╭─ Data to use
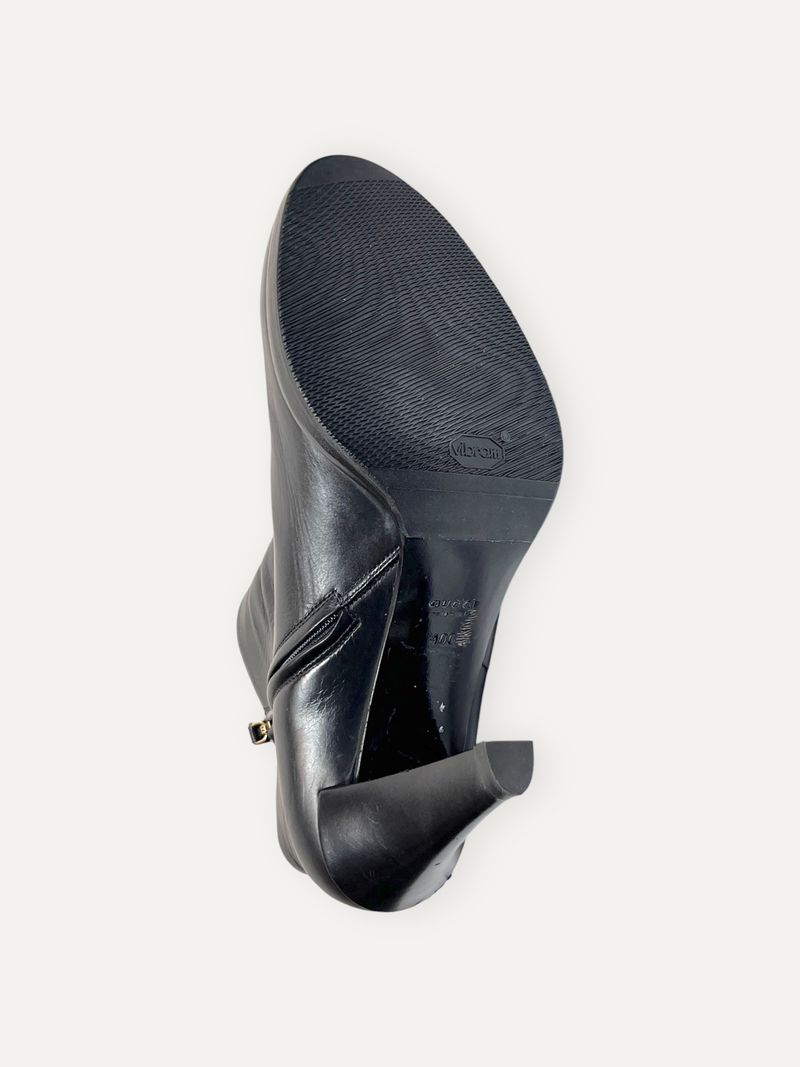 Black Leather Ankle Boots Logo Patch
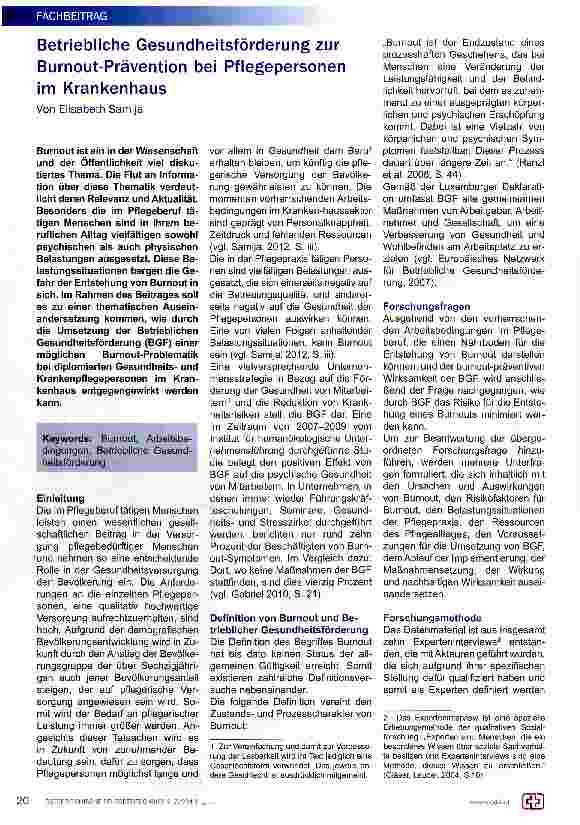 Vorschauseite 1: Betriebliche Gesundheitsförderung zur Burnout-Prävention bei Pflegepersonen im Krankenhaus
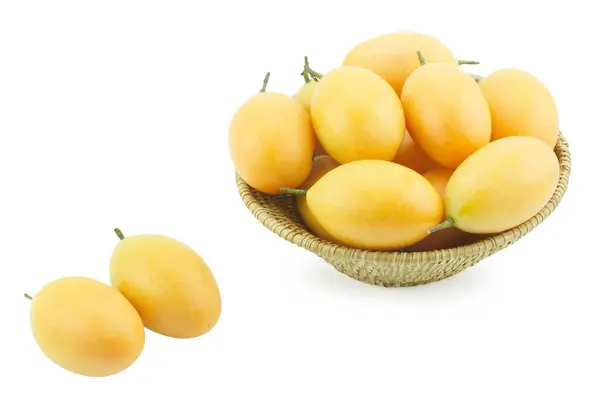 tatlı marian Erik meyve sepeti beyaz arka planda (mayongchid maprang marian Erik ve Erik mango, Tayland).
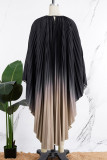 ブラック アプリコット カジュアル 段階的変化 プリント プリーツ O ネック ロング ドレス ドレス
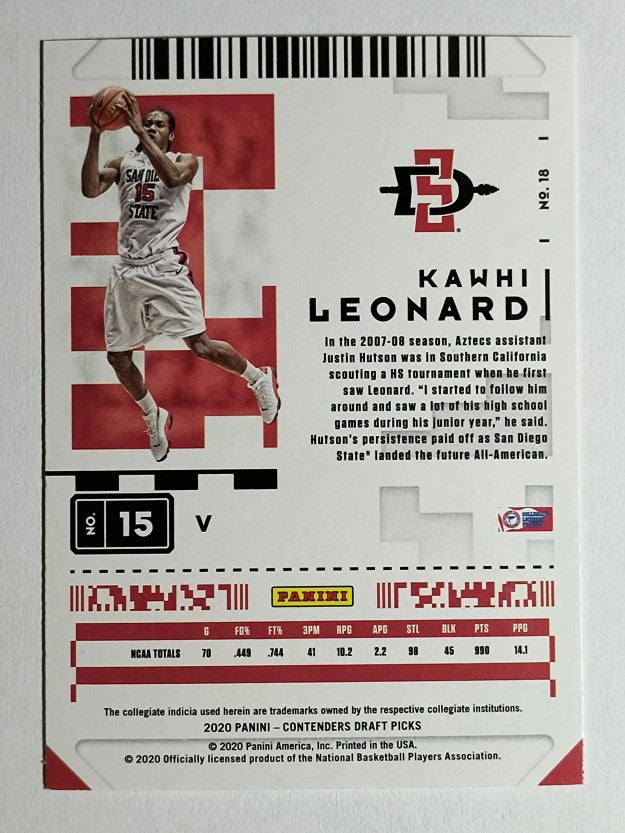 2020-21 Panini Contenders Draft Picks Variations #18 Kawhi Leonard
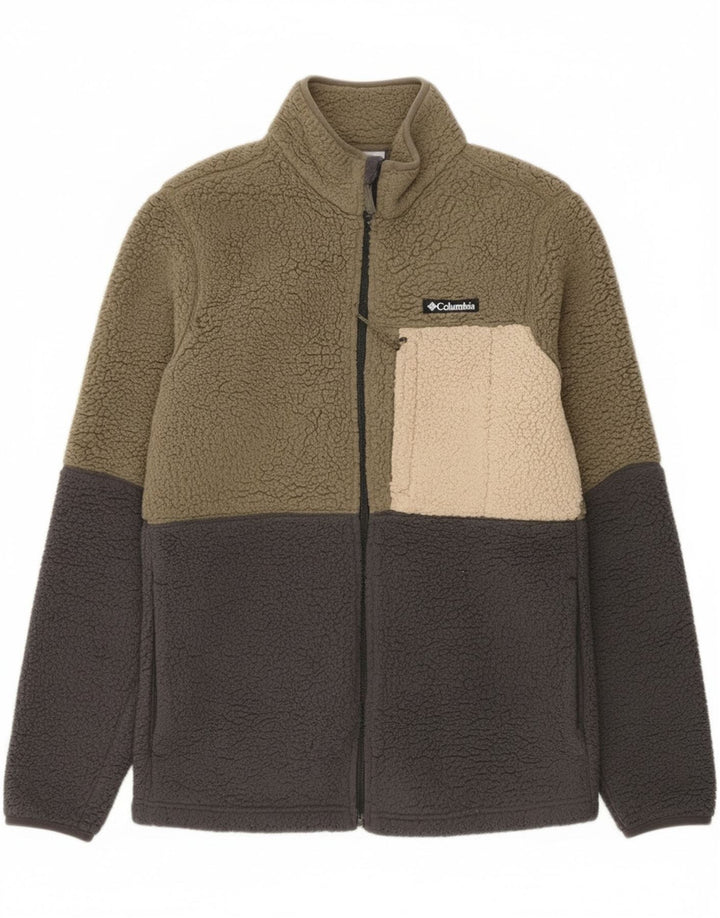 Columbia Herren Fleecejacke UK 36 Small Khaki Colourblock Polyester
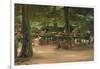 Beer Garden, 1905 (Oil on Board)-Max Liebermann-Framed Giclee Print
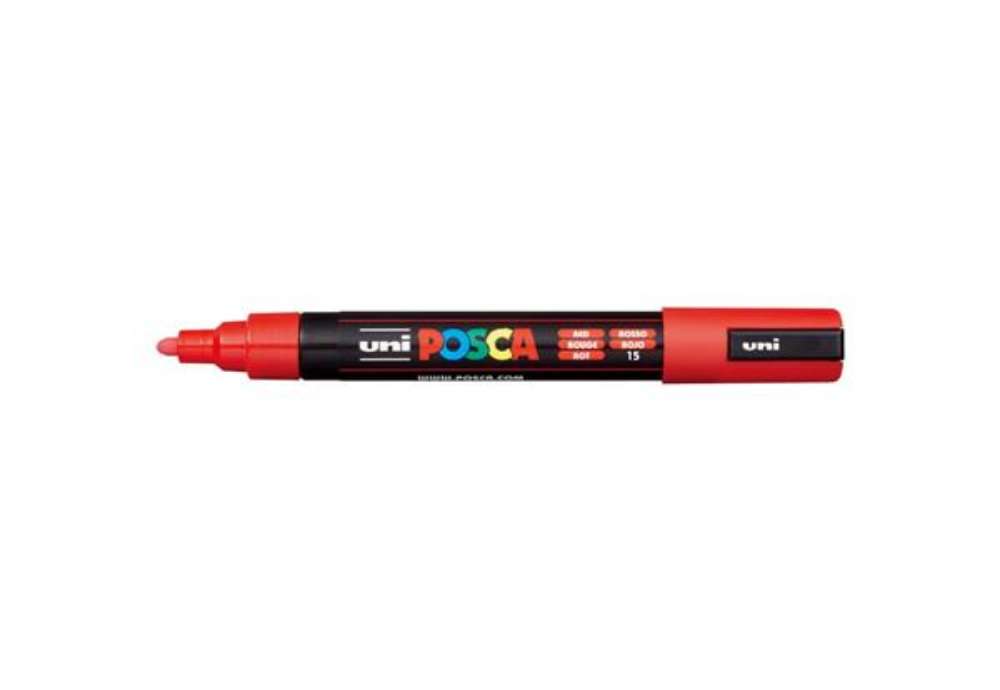 Immagine di Marcatore a tempera POSCA Uni-Ball punta tonda 1,8-2,5 mm rosso M PC5M R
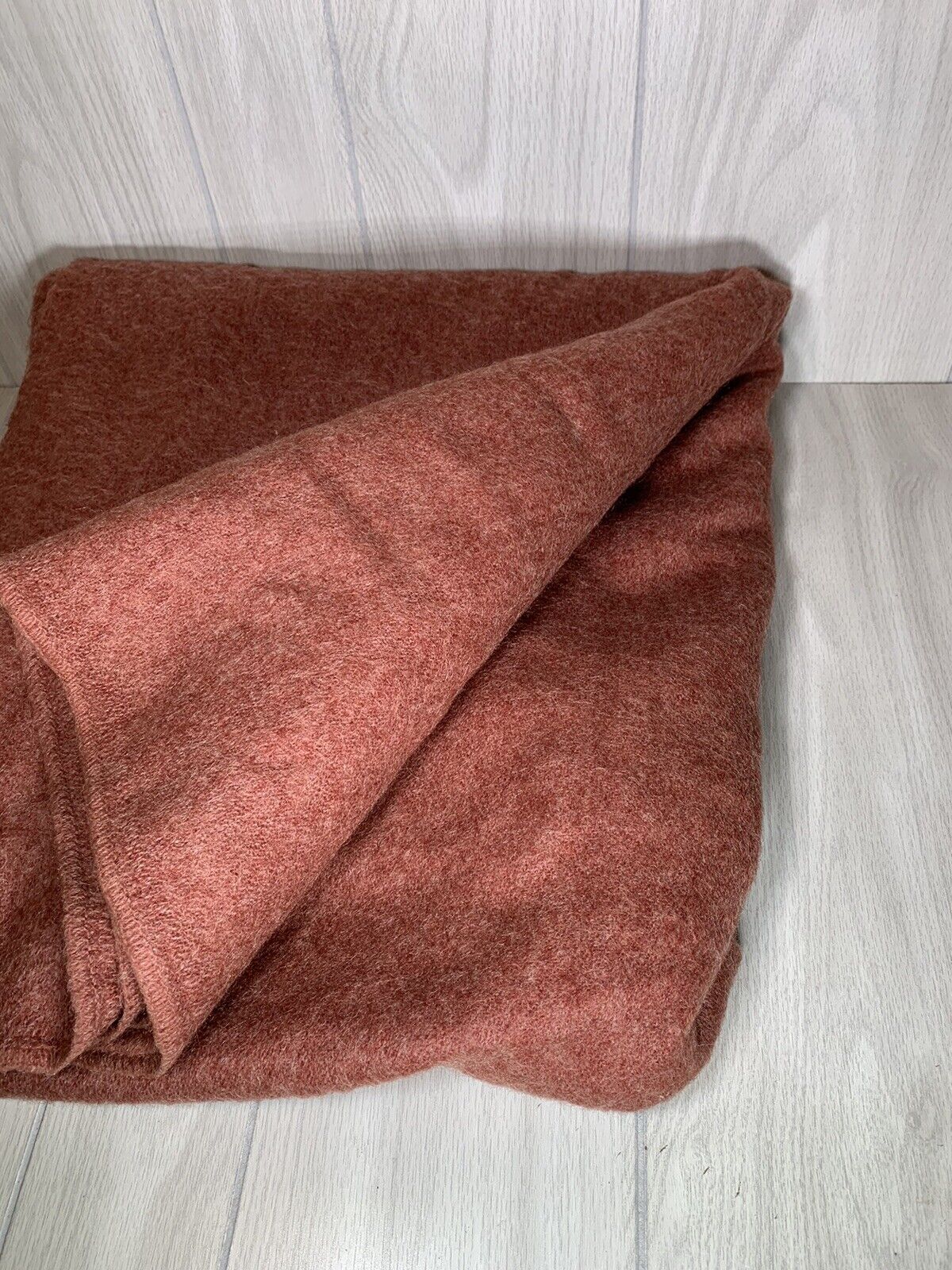 VTG Kenwood Ramcrest Wool Blanket Rust Color 86x74 Twin Size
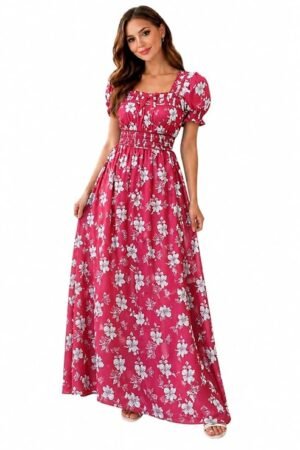 Women’s Pink Floral Maxi Dress | Stylish Casual & Summer Wear Long Dress for Women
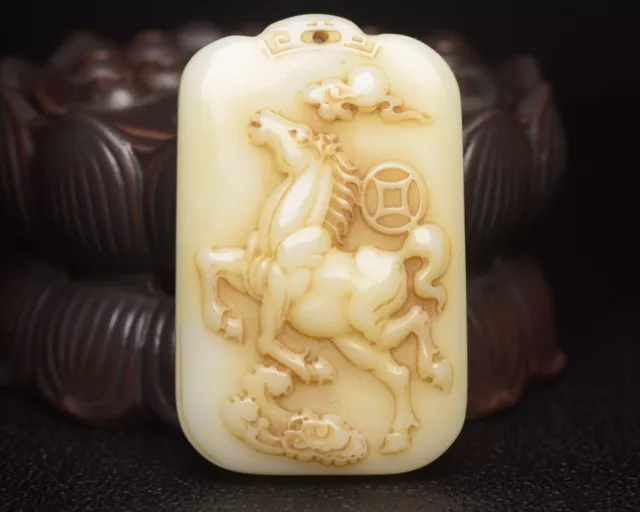 Chinese Antique Song Dynasty Hetian Ancient Jade Carved Horse Jade Pendants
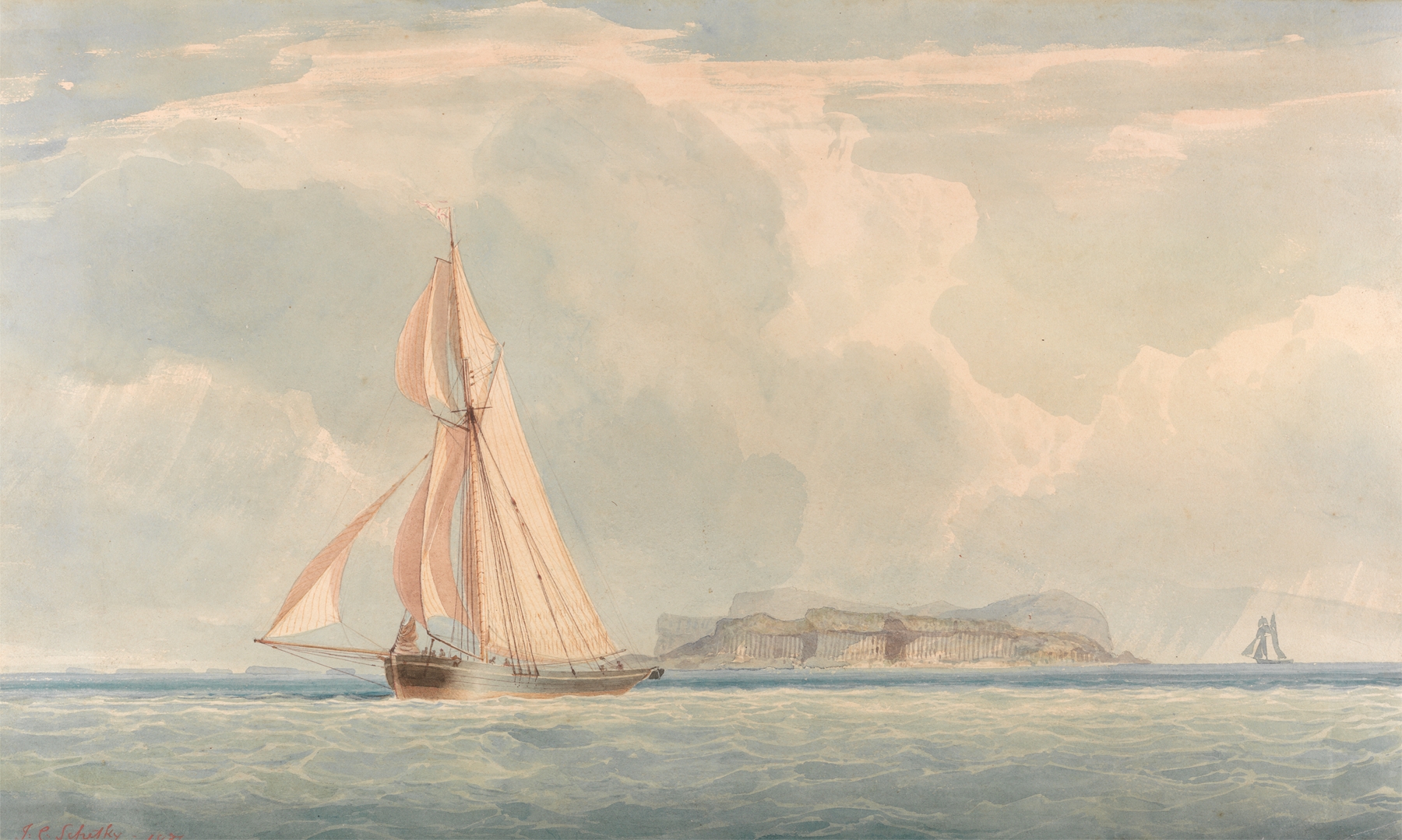 Boat sailing on the ocean with an island in the background, oil on canvas by John Christian Schetky.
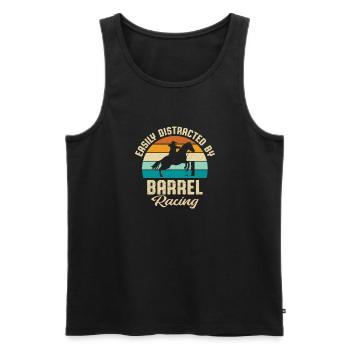 Retro Sunset Vintage Easily Distracted By Barrel R - Men's Premium Organic Tank Top - black - Front - Michal (187cm)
╰─
**The task**
Would you retype all the lines shown above, exactly as written and without any picture?

**Answer**
 Black Leather Ankle Boots Logo Patch
 Vorschauseite 1: Betriebliche Gesundheitsförderung zur Burnout-Prävention bei Pflegepersonen im Krankenhaus
 tatlı marian Erik meyve sepeti beyaz arka planda (mayongchid maprang marian Erik ve Erik mango, Tayland).
 ブラック アプリコット カジュアル 段階的変化 プリント プリーツ O ネック ロング ドレス ドレス
 2020-21 Panini Contenders Draft Picks Variations #18 Kawhi Leonard
 Columbia Herren Fleecejacke UK 36 Small Khaki Colourblock Polyester
 Beer Garden, 1905 (Oil on Board)-Max Liebermann-Framed Giclee Print
 Immagine di Marcatore a tempera POSCA Uni-Ball punta tonda 1,8-2,5 mm rosso M PC5M R
 VTG Kenwood Ramcrest Wool Blanket Rust Color 86x74 Twin Size
 Women’s Pink Floral Maxi Dress | Stylish Casual & Summer Wear Long Dress for Women
 Chinese Antique Song Dynasty Hetian Ancient Jade Carved Horse Jade Pendants
 Boat sailing on the ocean with an island in the background, oil on canvas by John Christian Schetky.
 Retro Sunset Vintage Easily Distracted By Barrel R - Men's Premium Organic Tank Top - black - Front - Michal (187cm)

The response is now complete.